Se gli Stati Uniti continuano ad essere scettici, e anzi il numero uno del Pentagono Lloyd Austin ammonisce la Cina («Se manderà armi a Mosca si rischia conflitto globale»), l'Europa ha deciso di andare a vedere le carte di Xi. Pechino continua a intestarsi il ruolo di portatore di pace e diplomazia. «La Cina mantiene la comunicazione con tutte le parti. Non abbiamo nulla da condividere al momento», spiega la portavoce del ministero degli Esteri Mao Ning riguardo l'ipotesi di colloquio telefonico tra Xi e Zelensky, atteso, annunciato, sperato ma non ancora confermato. Probabilmente necessaria per la strategia del leader del Dragone di accreditarsi come pacificatore e portare avanti i propri interessi, sul piano economico e strategico, vedi Taiwan. Con gli Usa in contrapposizione, l'Europa si schiera sul fronte del «forse» e inizia un pellegrinaggio sulla via della Seta. «La presidente Ursula von der Leyen terrà un discorso sulle relazioni Ue-Cina giovedì prossimo. La settimana successiva si recherà in Cina con il presidente francese Emmanuel Macron». L'annuncio ufficiale arriva al termine del Consiglio europeo di Bruxelles con il presidente francese che spiega: «porteremo a Pechino una voce unica dell'Europa».
Non solo i due ambasciatori di peso. Anche l'Alto rappresentante della politica estera Ue Josep Borrell si recherà presto in Cina. «I cinesi vogliono avere un ruolo diplomatico, vogliono essere facilitatori», ha detto Borrell, aggiungendo che «non vogliono essere associati totalmente con le azioni militari di Mosca, questa amicizia senza limiti sembra avere dei limiti». Presto a Pechino anche il premier spagnolo Pedro Sanchez. «La Spagna, e l'Europa, sostengono il piano Zelensky per la risoluzione del conflitto. Al contempo il documento cinese ha degli spunti che io credo siano di interesse. La Cina è un attore globale e la sua voce deve essere ascoltata», ha detto. Se sarà un bluff o un ruolo credibile, a questo punto, si scoprirà presto.

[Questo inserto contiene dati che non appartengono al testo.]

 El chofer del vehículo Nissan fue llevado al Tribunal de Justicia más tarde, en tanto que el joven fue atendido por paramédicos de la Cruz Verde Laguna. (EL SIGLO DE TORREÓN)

In parallelo alle attività diplomatiche, prosegue anche, duramente, la battaglia sul campo. Se le forze ucraine sono pronte alla controffensiva su Bakhmut, il solito vicepresidente del Consiglio di sicurezza nazionale russo Medvedev, torna ad attaccare: «Ci prepariamo anche noi e siamo pronti a usare qualsiasi arma, potremmo arrivare a Leopoli». Anche perché una cosa è certa: se è chiaro a tutti (o quasi) chi sia l'aggressore e chi l'aggredito, è altrettanto evidente che la guerra, qualsiasi guerra, si porta appresso terribili atrocità. Al punto che l'Onu ha accusato sia le forze russe che quelle ucraine di aver eseguito decine di esecuzioni sommarie di prigionieri di guerra.
«Siamo profondamente preoccupati per l'esecuzione sommaria di 25 prigionieri di guerra russi e di persone fuori combattimento e per quella di 15 prigionieri di guerra ucraini», ha detto Matilda Bogner, capo della missione di monitoraggio dei diritti umani. Un motivo in più, l'ennesimo, per sperare che la diplomazia possa portare a una soluzione risolutiva. Cinese, europea o di chi altro, poco importa.